Eine weitere große Herausforderung bestand darin, dass uns oft unklar war, welches Verhalten nun das erwünschte ist. Wie muss etwas vorgelesen werden, damit es verständlich ist? Wie muss ein Link beschriftet sein, so dass klar ist, wohin er führt, wie muss dieser Button heißen, damit seine Funktion eindeutig ist und wie viel Anleitung ist nötig und ab wann ist sie vielleicht sogar störend? Wir haben all diese Fragen nach bestem Wissen und Gewissen beantwortet, teilweise lange diskutiert und uns mehrfach umentschieden. Ich bin mit dem Ergebnis nun zufrieden, denn wir sind sorgfältig vorgegangen und haben unser Bestes getan, aber mir ist klar, dass es da noch Lücken geben muss. Im Grunde fehlt uns Feedback von Menschen, die es betrifft. Das wäre in Zukunft in der Entwicklung wünschenswert.

Learnings

Ich habe bei diesem Projekt wahnsinnig viel dazu gelernt. Ein paar der Key-Learnings möchte ich hier gerne teilen. Das erste betrifft den Themenkomplex WCAG. Diese sind aktuell die ausführlichste und beste Anleitung zum Schreiben barrierefreier Software, die es gibt. Sie sind im Grunde alternativlos. Gleichzeitig sind sie jedoch schwer zu lesen, kompliziert zu verstehen und teilweise zu abstrakt. Es ist möglich, sie zu befolgen und trotzdem Barrieren einzubauen. Mit dieser Kritik bin ich nicht allein und ich bin gespannt, ob diese Probleme mit den WCAG 3.0 erfolgreich angegangen werden. Denn diese sind bereits in der Entwicklung, auch wenn sie sicherlich noch einige Jahre auf sich warten lassen werden.

Das zweite Learning betrifft das UI/UX-Design. Was Barrierefreiheit angeht, nimmt es eine Schlüsselposition ein. Das heißt, dass sich hier bereits entscheidet, ob die Software oder die Webseite barrierefrei sein kann oder nicht. Als Entwicklerin kann ich darauf achten, dass der technische Unterbau korrekt ist, z. B., dass auch Icon-Buttons einen Text haben, den der Screenreader vorlesen kann usw., aber wenn der Button keinen ausreichenden Kontrast hat oder an einer nicht sinnvollen Stelle sitzt, sind mir die Hände gebunden. Dabei finde ich, dass es uns in diesem Projekt nun sehr gut gelungen ist, schönes Design und Barrierefreiheit miteinander zu vereinen. An vielen Stellen ergänzen sich diese beiden Themengebiete auch hervorragend. An anderen müssen jedoch Kompromisse gefunden werden und ohne gute Kommunikation, gegenseitiges Verständnis und mehrere Schleifen an Kommunikation mit Vorschlägen und Feedback zwischen dem Team und unserer Designerin wäre dies nicht möglich gewesen. Alles in allem war dies ein Prozess, in dem wir alle etwas lernen konnten und der (zumindest mir) großen Spaß bereitet hat, vor allem, wenn dann auch eine elegante Lösung für ein Problem gefunden wurde.
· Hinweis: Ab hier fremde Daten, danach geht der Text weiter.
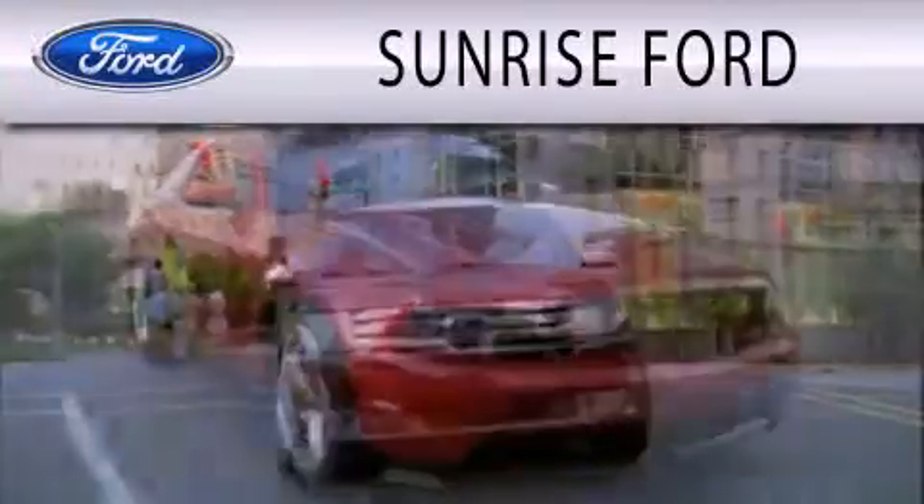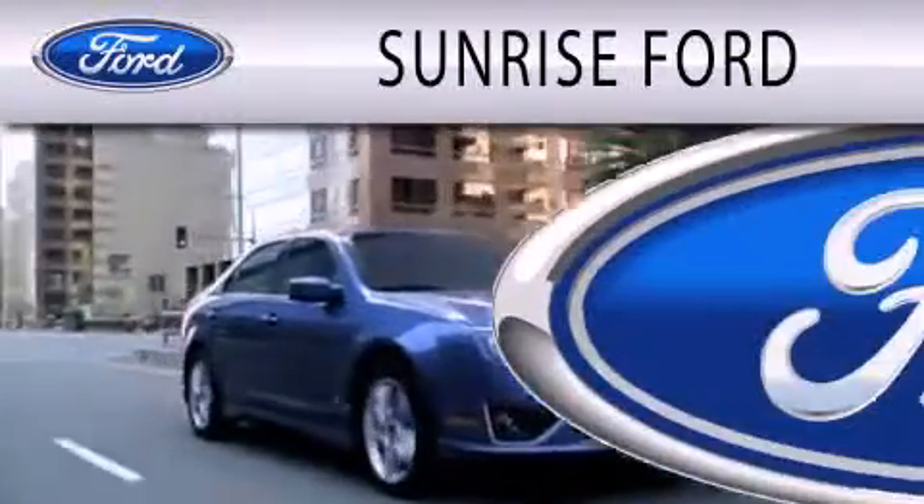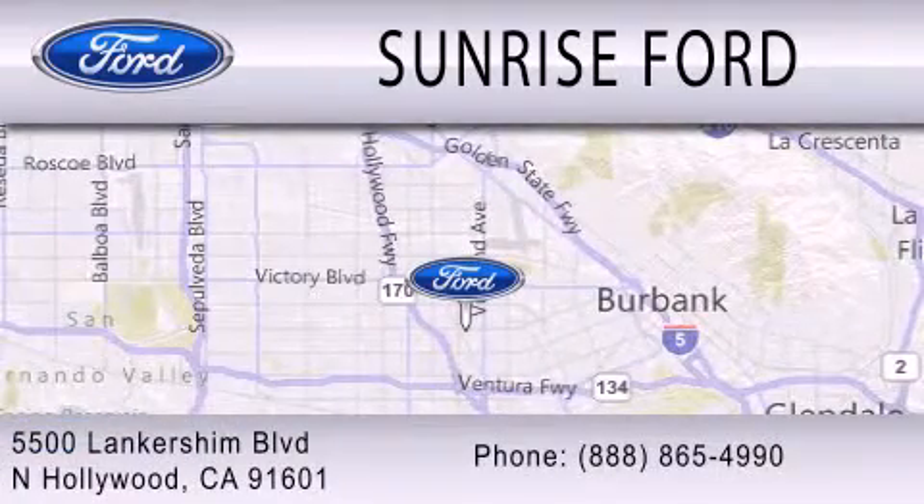Sunrise Ford is dedicated to doing everything possible to ensure that the experience you have selecting your next vehicle is as pleasant as possible. We're located at 5500 Lankershim Boulevard in North Hollywood.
Und da alle guten Dinge drei sind: Mein letztes Learning lautet, dass wir grade erst angefangen haben. Wir haben nun unsere ersten Erfahrungen gesammelt und wollen diese in der Zukunft weiter ausbauen. Wir wissen, dass wir mit unserer Software, die sich an Patientinnen und Patienten richtet, in der Verantwortung sind, allen Menschen einen gleichberechtigten Zugang zum Gesundheitssystem zu ermöglichen. Und wir wissen auch, dass unser APS (das Praxisverwaltungssystem) ebenfalls von Überlegungen zur Barrierefreiheit profitieren kann – denn auch medizinisches Personal kann körperliche oder geistige Einschränkungen haben. Es gibt noch jede Menge Luft nach oben und wir freuen uns darauf, dieses Potenzial ab sofort auszuschöpfen!